Kleve Hoffen, dass die Gasflasche durchhält

Kleve · RP-Mitarbeiterin Julia Latzel aus Rees arbeitet vier Wochen lang auf dem Weihnachtsmarkt in Münster. Von der besinnlichen Stimmung bekommt sie allerdings kaum etwas mit, denn es gibt immer was zu tun.

Den Weihnachtstrubel von der anderen Seite mitzuerleben und zu beobachten - diese Gelegenheit habe ich in diesem Jahr auf dem Weihnachtsmarkt in Münster. Um mein schmales Budget als Studentin aufzubessern, übernehme ich mehrere Schichten pro Woche an einem Schmuckstand und beriet die größtenteils weibliche Kundschaft. Wirkliches Weihnachtsgefühl kommt da allerdings selten auf: Zum einen fehlt hier die Weihnachtsmusik - ich muss zugeben, vorher hatte ich Angst vor nervigen, sich ständig wiederholenden Liedern, aber ganz ohne Musik kommt es mir nicht wie Adventszeit vor. Zum anderen habe ich meist keine Zeit, gemütlich durch die Stadt zu schlendern und an den verschiedenen Ständen anzuhalten. Stattdessen hetze ich eher durch die Stadt, um es rechtzeitig zum Schichtwechsel an den Stand zu schaffen.

Und das ist bei Weitem nicht einfach: Besonders vor den Glühweinständen drängen sich die Menschenmassen. Auch in Teilen der Stadt ohne Weihnachtsmarkt ist es momentan noch voller als sonst.

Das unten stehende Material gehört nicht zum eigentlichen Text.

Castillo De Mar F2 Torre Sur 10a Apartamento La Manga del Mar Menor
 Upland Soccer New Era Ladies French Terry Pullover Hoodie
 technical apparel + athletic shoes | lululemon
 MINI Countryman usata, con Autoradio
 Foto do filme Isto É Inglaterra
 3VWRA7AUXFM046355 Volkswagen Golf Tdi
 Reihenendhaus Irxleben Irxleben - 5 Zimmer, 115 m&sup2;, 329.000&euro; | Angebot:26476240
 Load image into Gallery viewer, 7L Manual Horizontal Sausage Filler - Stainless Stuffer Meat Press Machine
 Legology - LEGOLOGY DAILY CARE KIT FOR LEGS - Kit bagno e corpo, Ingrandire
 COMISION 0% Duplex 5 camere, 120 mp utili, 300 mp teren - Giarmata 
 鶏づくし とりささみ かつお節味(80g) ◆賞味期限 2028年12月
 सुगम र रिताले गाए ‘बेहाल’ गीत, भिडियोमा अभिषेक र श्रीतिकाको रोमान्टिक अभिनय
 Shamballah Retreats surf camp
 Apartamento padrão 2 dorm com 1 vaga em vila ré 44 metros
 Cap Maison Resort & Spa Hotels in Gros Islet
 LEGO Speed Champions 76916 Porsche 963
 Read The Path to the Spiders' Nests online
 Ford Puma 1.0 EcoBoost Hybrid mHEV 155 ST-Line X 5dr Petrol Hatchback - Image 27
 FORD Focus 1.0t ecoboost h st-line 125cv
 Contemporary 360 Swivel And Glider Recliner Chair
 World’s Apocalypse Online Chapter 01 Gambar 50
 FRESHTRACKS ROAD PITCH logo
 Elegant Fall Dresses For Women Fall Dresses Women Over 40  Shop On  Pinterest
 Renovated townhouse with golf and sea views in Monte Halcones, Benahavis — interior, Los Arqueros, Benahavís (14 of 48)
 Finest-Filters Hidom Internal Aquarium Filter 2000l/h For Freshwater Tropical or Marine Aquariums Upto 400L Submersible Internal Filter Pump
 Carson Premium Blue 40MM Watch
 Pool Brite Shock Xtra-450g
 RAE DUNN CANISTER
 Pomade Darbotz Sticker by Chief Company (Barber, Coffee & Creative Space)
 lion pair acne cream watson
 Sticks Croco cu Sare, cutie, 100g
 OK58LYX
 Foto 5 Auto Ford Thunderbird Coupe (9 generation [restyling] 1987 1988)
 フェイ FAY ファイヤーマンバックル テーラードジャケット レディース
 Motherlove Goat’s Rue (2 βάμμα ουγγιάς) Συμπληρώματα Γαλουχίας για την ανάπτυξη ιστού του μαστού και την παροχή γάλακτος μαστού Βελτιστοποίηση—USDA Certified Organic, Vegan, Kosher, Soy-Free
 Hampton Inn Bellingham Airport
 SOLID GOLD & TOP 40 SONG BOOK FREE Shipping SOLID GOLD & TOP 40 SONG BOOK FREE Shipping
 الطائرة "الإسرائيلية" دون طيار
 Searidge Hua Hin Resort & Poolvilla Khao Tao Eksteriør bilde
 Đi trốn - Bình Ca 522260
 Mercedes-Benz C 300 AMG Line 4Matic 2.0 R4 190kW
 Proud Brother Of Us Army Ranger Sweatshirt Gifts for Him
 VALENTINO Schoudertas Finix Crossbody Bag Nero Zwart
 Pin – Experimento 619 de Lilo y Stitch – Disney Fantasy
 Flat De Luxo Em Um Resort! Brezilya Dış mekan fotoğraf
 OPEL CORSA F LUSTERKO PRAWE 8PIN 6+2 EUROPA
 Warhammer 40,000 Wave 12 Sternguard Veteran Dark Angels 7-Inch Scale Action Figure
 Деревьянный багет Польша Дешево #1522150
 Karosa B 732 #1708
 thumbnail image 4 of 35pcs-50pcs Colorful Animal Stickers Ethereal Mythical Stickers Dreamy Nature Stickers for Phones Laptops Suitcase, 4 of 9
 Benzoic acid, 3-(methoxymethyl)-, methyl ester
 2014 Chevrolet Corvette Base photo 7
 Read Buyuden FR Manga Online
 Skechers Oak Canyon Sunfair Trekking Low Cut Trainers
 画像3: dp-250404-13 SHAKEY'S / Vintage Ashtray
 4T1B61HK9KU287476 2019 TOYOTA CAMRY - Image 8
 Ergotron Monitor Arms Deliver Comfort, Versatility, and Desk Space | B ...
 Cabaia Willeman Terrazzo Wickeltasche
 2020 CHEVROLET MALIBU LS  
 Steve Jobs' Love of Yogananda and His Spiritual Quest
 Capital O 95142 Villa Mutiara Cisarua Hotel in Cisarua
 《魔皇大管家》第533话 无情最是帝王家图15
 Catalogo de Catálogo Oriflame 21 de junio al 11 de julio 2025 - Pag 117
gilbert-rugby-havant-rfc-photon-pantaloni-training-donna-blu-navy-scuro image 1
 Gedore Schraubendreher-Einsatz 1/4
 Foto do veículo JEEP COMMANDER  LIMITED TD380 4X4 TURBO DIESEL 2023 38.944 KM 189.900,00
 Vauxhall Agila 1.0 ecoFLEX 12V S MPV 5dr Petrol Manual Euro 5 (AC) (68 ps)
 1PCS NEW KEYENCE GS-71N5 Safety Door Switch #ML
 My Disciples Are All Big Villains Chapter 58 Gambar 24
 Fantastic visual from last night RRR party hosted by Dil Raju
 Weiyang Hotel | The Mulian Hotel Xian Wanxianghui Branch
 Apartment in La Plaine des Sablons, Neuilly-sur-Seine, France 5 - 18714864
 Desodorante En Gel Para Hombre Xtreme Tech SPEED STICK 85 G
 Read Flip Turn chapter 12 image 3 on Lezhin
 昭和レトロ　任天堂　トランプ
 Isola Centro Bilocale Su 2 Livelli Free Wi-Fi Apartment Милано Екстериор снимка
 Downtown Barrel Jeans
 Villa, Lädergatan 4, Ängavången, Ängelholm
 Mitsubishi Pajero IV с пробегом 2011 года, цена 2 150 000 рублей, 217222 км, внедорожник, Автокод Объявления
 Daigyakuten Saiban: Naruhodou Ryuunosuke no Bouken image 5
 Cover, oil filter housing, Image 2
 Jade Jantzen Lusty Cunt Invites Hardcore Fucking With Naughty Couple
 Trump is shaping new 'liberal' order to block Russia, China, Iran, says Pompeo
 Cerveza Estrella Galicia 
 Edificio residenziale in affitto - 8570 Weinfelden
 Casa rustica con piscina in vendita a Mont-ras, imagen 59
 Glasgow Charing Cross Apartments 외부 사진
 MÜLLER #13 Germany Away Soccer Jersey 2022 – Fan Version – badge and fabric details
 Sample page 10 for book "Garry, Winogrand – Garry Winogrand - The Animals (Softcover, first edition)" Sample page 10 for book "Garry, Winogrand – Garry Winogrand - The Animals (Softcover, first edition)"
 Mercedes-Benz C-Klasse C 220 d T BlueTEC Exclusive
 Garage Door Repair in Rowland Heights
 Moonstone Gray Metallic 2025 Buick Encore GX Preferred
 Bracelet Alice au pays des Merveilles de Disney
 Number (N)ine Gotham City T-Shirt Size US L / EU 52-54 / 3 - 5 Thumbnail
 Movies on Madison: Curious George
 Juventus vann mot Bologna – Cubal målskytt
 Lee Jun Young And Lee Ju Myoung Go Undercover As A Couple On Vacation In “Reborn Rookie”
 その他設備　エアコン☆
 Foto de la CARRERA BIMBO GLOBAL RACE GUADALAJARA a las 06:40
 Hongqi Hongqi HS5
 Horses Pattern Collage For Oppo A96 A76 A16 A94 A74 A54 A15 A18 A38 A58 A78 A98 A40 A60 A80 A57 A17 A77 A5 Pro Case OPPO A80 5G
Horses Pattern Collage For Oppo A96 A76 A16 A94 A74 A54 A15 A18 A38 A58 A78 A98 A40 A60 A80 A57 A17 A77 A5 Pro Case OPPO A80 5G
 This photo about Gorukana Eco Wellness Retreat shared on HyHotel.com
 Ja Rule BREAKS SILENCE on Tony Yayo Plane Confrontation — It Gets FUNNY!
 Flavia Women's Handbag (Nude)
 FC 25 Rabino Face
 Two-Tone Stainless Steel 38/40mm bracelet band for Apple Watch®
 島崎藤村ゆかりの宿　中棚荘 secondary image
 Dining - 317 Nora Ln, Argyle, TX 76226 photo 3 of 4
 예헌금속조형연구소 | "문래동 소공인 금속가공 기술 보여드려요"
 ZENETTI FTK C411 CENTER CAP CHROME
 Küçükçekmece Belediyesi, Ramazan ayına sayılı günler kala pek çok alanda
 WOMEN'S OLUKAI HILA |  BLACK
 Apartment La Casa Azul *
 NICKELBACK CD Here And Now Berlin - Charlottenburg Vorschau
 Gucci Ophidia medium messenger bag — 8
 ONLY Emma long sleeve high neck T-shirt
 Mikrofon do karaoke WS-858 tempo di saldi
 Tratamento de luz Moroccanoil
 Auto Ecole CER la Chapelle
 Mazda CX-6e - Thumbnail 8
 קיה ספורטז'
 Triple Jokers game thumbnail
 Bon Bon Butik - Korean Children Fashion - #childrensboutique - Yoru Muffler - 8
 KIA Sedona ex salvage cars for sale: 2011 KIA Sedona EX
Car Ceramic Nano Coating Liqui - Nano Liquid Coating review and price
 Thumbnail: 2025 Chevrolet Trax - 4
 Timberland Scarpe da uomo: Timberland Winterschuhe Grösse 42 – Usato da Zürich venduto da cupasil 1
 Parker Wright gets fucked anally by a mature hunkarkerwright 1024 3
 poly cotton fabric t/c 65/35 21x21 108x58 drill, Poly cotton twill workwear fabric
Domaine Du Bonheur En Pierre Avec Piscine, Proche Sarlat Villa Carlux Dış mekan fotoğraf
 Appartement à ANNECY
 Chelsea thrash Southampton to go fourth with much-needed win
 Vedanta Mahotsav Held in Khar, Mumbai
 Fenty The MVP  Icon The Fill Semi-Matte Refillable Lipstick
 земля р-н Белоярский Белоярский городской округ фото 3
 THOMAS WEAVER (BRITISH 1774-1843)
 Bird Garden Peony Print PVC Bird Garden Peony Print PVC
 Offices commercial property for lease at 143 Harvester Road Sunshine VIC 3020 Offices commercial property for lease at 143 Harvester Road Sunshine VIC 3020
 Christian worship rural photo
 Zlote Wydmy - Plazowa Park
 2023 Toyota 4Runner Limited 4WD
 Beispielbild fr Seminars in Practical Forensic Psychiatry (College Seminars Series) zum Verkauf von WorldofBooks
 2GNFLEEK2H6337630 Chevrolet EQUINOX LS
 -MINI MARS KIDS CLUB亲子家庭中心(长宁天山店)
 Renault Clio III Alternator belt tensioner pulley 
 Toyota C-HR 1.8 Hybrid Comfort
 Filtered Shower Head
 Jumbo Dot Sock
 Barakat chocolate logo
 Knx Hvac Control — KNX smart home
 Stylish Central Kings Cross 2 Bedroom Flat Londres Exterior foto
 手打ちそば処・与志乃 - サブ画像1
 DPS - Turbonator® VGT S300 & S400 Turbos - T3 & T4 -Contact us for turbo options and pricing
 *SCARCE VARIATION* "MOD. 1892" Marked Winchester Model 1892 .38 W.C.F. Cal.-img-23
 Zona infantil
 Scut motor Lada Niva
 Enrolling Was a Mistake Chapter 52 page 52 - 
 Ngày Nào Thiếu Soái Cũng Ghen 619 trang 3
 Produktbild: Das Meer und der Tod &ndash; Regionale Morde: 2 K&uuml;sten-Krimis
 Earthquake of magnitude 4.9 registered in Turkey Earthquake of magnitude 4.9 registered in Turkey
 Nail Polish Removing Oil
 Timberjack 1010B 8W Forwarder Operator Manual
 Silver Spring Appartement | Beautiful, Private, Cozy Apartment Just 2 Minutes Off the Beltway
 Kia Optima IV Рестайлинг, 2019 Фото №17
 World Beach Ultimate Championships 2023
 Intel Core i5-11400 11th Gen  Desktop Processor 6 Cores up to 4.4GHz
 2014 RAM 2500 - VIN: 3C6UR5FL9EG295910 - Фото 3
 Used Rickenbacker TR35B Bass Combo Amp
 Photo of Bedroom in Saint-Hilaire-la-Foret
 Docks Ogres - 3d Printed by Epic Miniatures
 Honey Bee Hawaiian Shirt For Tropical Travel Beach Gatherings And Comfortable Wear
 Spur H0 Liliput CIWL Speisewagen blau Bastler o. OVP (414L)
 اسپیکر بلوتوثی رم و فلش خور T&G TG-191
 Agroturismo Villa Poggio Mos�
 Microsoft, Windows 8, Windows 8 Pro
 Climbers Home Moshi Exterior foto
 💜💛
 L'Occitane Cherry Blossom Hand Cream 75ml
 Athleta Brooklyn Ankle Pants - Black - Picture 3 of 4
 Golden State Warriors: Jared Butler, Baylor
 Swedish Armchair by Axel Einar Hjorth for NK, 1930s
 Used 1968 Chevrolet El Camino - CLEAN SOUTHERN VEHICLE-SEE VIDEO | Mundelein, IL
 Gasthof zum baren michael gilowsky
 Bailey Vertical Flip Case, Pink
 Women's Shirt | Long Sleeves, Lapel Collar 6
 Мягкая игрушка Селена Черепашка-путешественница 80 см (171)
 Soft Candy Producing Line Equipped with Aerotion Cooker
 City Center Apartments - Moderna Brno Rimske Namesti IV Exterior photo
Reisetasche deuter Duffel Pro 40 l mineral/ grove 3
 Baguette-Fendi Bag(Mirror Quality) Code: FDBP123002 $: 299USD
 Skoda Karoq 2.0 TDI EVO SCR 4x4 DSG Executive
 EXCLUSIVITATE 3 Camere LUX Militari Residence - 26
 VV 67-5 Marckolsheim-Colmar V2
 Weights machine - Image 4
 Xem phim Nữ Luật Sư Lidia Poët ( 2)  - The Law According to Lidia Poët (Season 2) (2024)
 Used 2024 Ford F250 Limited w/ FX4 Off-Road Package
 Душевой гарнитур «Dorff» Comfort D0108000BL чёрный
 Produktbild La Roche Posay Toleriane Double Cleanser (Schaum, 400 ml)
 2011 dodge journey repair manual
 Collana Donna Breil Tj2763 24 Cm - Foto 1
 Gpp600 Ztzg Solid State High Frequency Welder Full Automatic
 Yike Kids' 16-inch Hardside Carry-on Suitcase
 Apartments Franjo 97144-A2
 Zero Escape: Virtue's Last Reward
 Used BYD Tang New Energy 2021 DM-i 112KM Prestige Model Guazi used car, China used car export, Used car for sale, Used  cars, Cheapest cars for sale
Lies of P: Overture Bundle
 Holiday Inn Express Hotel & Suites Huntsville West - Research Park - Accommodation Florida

Großgruppen haben angesichts der zahlreichen Besucher offenbar das Problem, sich nicht im Weihnachtsmarkt-Trubel zu verlieren. Das lösen sie geschickt, indem sie sich identische weihnachtliche Accessoires in die Haare stecken. Dabei scheint es auch erwachsenen Frauen nicht peinlich zu sein, ein blinkendes Rentiergeweih zu tragen. Der Glühwein wird bestimmt auch etwas dazu beigetragen haben, die Hemmschwelle zu senken. Endlich angekommen am Stand, besteht meine Aufgabe darin, die Wünsche der vorwiegend weiblichen Kundschaft zu erfüllen. Die anscheinend gezwungenermaßen mitgekommenen Ehemänner haben da meist nur launige Kommentare zu Schmuck im Allgemeinen übrig - bis sie die Fußballmotive entdecken. Dann sind sie Feuer und Flamme. Die Gladbachfans haben hier bereits den gesamten Vorrat an Knöpfen ihrer Lieblingsmannschaft aufgekauft, als hätten sie Angst, ein anderer könnte ihnen zuvorkommen. Ebenso kann man nicht merken, dass die Dortmundfans aufgrund der schlechten Saison ihre Liebe zum BVB verloren haben: Bereits in der ersten Woche waren alle Motive der Dortmunder ausverkauft. Allerdings fehlt den meisten das passende Armband, um die Knöpfe mit den Fußballmotiven daran zu befestigen, aber auf diesen Hinweis ihrer Ehefrauen antworten sie nur: "Ich finde dafür schon einen Ehrenplatz."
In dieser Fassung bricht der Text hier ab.